As sensitive, precious rock bands go, Track Star is a cut above the usual collection of mopey boys with degrees from the Woe-Is-Me Finishing School. Matthew Troy and Wyatt Cusick, who share guitar and vocal duties, write catchy songs that seldom delve into the fey pretentiousness that afflicts so many of their brethren; the duo’s acidulous wit and bitter detachment suggest tough souls within their sensitive exteriors.

Troy and Cusick began making music with a drum machine in San Francisco in 1990, officially launching Track Star three years later with a live drummer. Early recordings (by which time Todd Sullivan had replaced the first human drummer) ranged from poor to promising, but Sometimes, What’s the Difference? is a great leap forward and the raw template on which they would base their next two records. The Sebadoh-meets-Wedding Present series of songs revisits the archetypal ’90s rock soft-to-loud dynamic with a typically self-deprecating bent best exemplified by “Bad Time” (“She will always cry at the drop of a hat / And I wonder why I’m the only guy who ever dropped a hat”). Bitter wit lifts the EP from the dumps and allows Cusick to get away with crooning “Sometimes I think about my funeral / And whoooooo’s gonna be there” (“The View From Space”) over jangling guitars that tend to turn sludgy and loud. The EP has its share of inconsequential B-side candidates, but the trio generally nails a tried-and-true formula, and adds something of its own.
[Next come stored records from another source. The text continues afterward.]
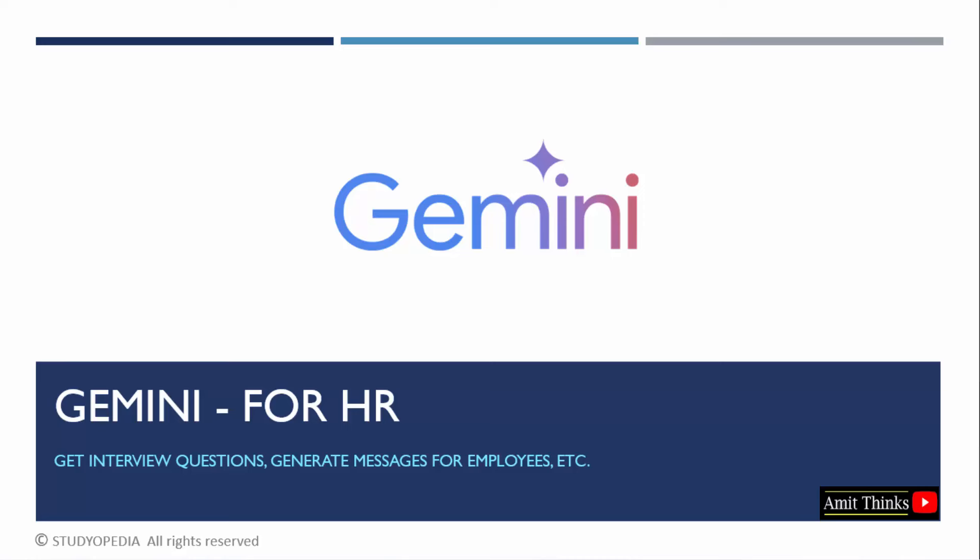Let's say you want interview questions, you can directly ask Google Gemini. You can also get some welcome email drafts. Let's say a new employee is joining and you want a draft to welcome that new joinee in the email. You can easily use Google Gemini for it.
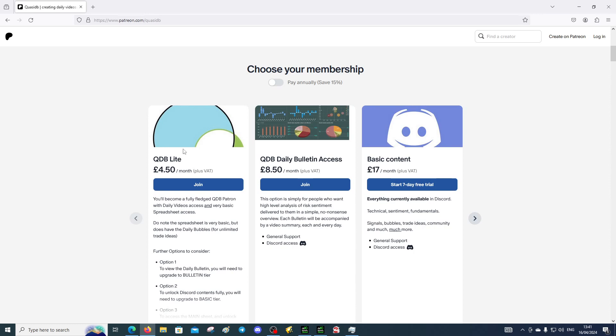It will help us with our risk calculation as well and plus you get early access to everything which is pretty decent. That's the breakdown of the different tiers at QuasiDB, patreon.com/QuasiDB.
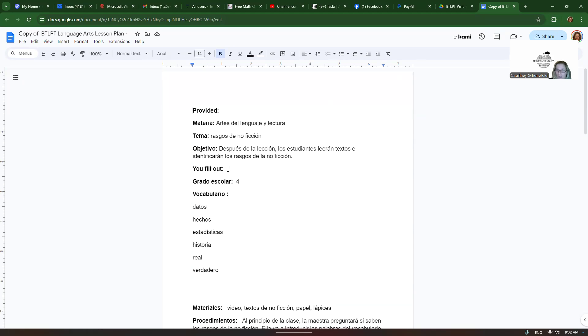Then you have to fill out the grade. So you have to know what grade this would be appropriate for. You can learn more about that by reading the TEKS in Spanish. Google TEKS en español and they'll come up and you can see what's expected at each grade level.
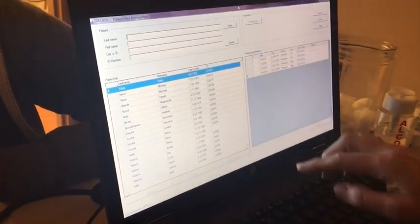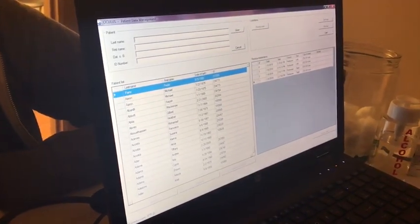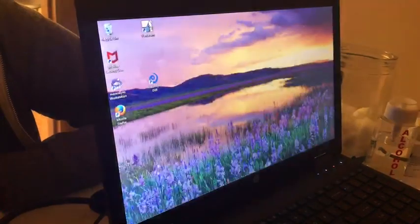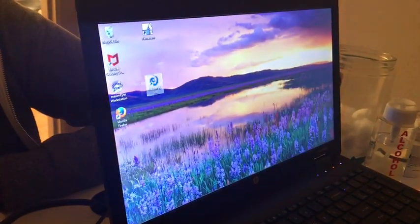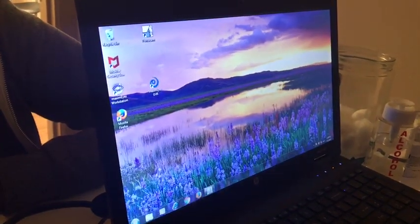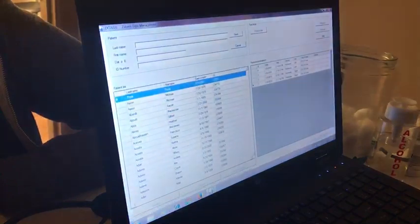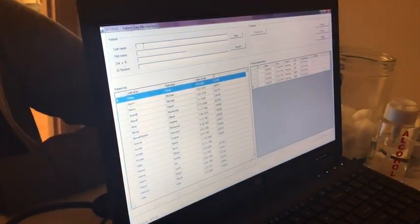This is how you do a PentaCam. First you load your software which is going to be right here where it says PentaCam. Whenever you get it pulled up, this is what you're going to see.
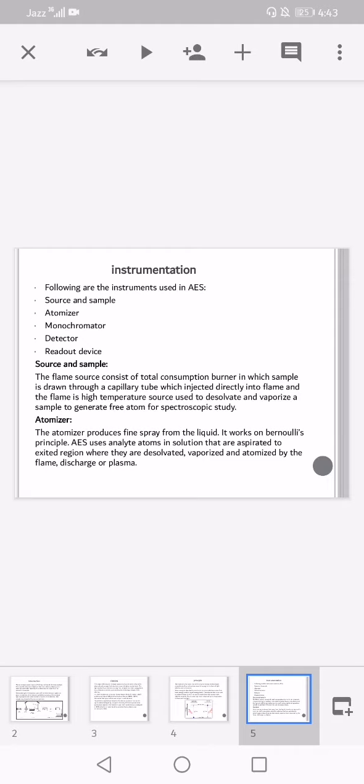The atomizer produces fine spray from the liquid and works on Bernoulli's principle. Atomic emission spectroscopy uses analyte atoms in solution that are aspirated to the excited region, where they are desolvated, vaporized, and atomized by the flame, discharge, or plasma.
Any album that begins with the couplet “I’ve got three ideas in my head / One’s to choke on fumes ’till I’m dead” is hellbent on being dour (and neither of the other ideas is particularly uplifting, either), but Communicaiton Breaks is leavened with enough humor, rage, sly barbs and nods to the third Velvet Underground record to offset the boo-hoo-hoo-ing over broken relationships. Most songs begin with a gentle melody (Track Star is sad) and burn slowly until the guitars are so loud Cusick has to scream to be heard (Track Star is also angry!). Emotional turmoil is tiring, so the lackadaisical lads take occasional breathers with whispery ballads (“One Hundred Degrees,” “Dead Today”), conserving energy to put down the poseur stealing their girls in “The Big Fuck You” (“It must be nice to feel so tortured / When the chicks all eat it up”). At once familiar-sounding and refreshing, the record is marred only by the half hour of feedback and a two-chord riff at the end of the last song, the otherwise pleasant “West Coast Weather.”

While not releasing another album for five years, Track Star toured with the Shins, Modest Mouse and Imperial Teen. Cusick made two albums with Aislers Set, an album with Doug Shepherd and cut Track Star demos with Troy and a drum machine. The pair ultimately scrapped those recordings and made Lion Destroyed the Whole World with drummer Brian Girgus (Lowercase). It has a mellowed, more mature sound that never feels rushed despite fitting 11 songs into 30 minutes. Cusick and Troy, sharing bass duties for the first time, coo and whisper their way through slow, pretty numbers like “Feet First” with a slightly more optimistic outlook (“I know to expect the worst / So when it falls apart, I’m gonna land on my feet first”). The pop bashers (“The One We Play,” “Pretty Close to Nothing”) are similarly excellent.

Track Star last performed in January 2005; Cusick has since done shows with Still Flyin’, a 15-member reggae supergroup of San Francisco indie rock poobahs.